Most people who have ever lent money to friends or family will give those considering lending a hand one piece of advice: Don’t do it.
“I think lending money is often a band-aid solution to some bigger problem,” says Vic Lim, a personal finance writer and founder of DadIsCheap.com. “Does this person not have a job or decent savings? I would much rather help that person fix those problems than provide them with money.”
When a friend or loved one is in a bind, it can be hard to turn them down, though. If you’re going to lend money to a friend, you at least want to be prepared. Here are five rules to follow to help make a difficult situation easier.
1. KEEP PERSONAL FEELINGS OUT OF IT (TO THE EXTENT YOU CAN).
Lending money often goes south because both parties establish a too-casual agreement, and it’s easy for a casual agreement to fall through.

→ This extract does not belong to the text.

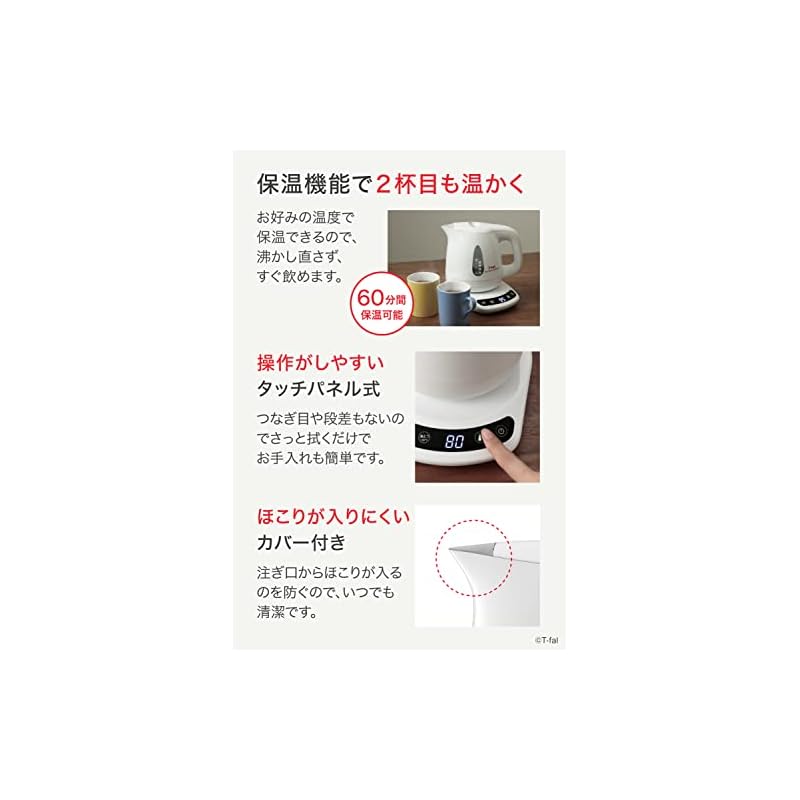 【即納】ティファール 電気ケトル 0.8L 温度調節 8段階 「アプレシア コントロール ホワイト」 保温 自動電源オフ 空だき防止 KO7201JP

“Not being paid by anyone makes us angry. Not being paid by someone with whom we have a close relationship makes that anger personal,” attorney J. David Krekeler says.
With a regular commercial loan, the lender investigates the borrower’s assets and credit history; they weigh their risk. When you lend money to a friend, it’s more of a favor than a business transaction. However, Krekeler explains, this is often where things go wrong. “When the loan goes into default, the lender feels not only the financial loss but a personal disappointment,” he says. “Often, failure to repay signals to the lender a lack of integrity, or even a personal attack by the borrower upon the lender. Feelings of deception might also enter into this.”
2. MAKE IT OFFICIAL.
Krekeler suggests first getting the agreement in writing. In other words, make a contract. It should include the amount being lent, interest charged, and terms of repayment. And if charging interest sounds harsh, keep in mind that the Internal Revenue Service (IRS) actually requires it.

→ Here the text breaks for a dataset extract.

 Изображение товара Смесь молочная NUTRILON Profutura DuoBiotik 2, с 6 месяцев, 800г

“If you do not charge interest, it may be imputed by the IRS and treated as income even if the lender does not receive it,” Krekeler says. “It is better to use at least the IRS minimum interest rates.”
3. DRAFT AN EXIT PLAN.
Beyond just writing up a contract, you also want to draft a concrete exit plan for the loan. For example, Krekeler suggests considering the following factors:
1. What would happen if the borrower loses his or her employment or source of income?
2. What effect would a divorce have upon the borrower?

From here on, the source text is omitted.